NATO-Russia talks must tackle Ukraine ‘withdrawal’: Poland

NATO-Russia talks must tackle Ukraine ‘withdrawal’: Poland

WARSAW – Agence France-Presse
NATO-Russia talks must tackle Ukraine ‘withdrawal’: Poland Planned NATO talks with Moscow should be focused solely on Russia’s “withdrawal” from Ukrainian soil, Polish Defense Minister Antoni Macierewicz said July 5.

The minister was reacting to NATO chief Jens Stoltenberg’s announcement July 4 that the transatlantic alliance is set to hold formal talks with Russia shortly after a summit in Warsaw this week.

“Russia is an occupying power, every day innocent people, civilians are killed by Russia soldiers who are the aggressors,” Macierewicz said on Polish public television.

“We are not going to discuss defense plans with Russia. With Russia we can only discuss when and how they are going to withdraw from the occupied territories,” in Ukraine, he added.

Russia’s 2014 intervention in Ukraine and its annexation of Crimea stung NATO out of its post-Cold War complacency and into a major revamp to boost its readiness and resources to meet a host of new security challenges. 
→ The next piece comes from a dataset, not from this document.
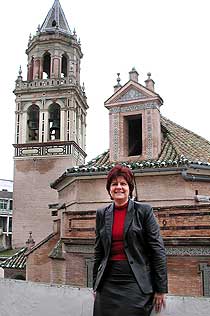 Josefina Cruz, en la sede de su departamento, en Sevilla.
On June 29, French Foreign Minister Jean-Marc Ayrault said after talks with his Russian counterpart Sergei Lavrov that Moscow had agreed to a Russia-NATO council after the Warsaw summit, on grounds that Russia will be able to examine the decisions that are taken at the summit. 

NATO leaders meeting in the Polish capital on July 8-9 will rubber-stamp the 28-nation alliance’s biggest military build-up since the Cold War in response to the newly resurgent Russia.

Stoltenberg said July 4 that “we are working with Russia to hold another meeting of the [NATO-Russia] council shortly after the summit,” he added.

In April the NATO-Russia Council held its first meeting since June 2014 when relations were effectively frozen, and the talks ended in “profound disagreements” over Ukraine and other issues.

Russia has reacted angrily to NATO’s plans for a military build-up, with Russian President Vladimir Putin saying the alliance is provoking an arms race “frenzy” in Europe and that Moscow would respond.

Russia bitterly opposes NATO’s expansion into its Soviet-era satellites and has said it will create three new divisions in its own southwest region to meet what it has described as a dangerous military build-up along its borders. 

Macierewicz said Poland would continue to press its case because Ukraine “is our nearest neighbor to this aggressive empire.”

During the summit, NATO members are also expected to confirm their support for the Kabul government, aware that they have little alternative if the country is to hold together.

Foreign ministers agreed in May to extend assistance past 2016 and at the summit in the Polish capital, alliance partners are also expected to continue their non-combat training and assistance mission.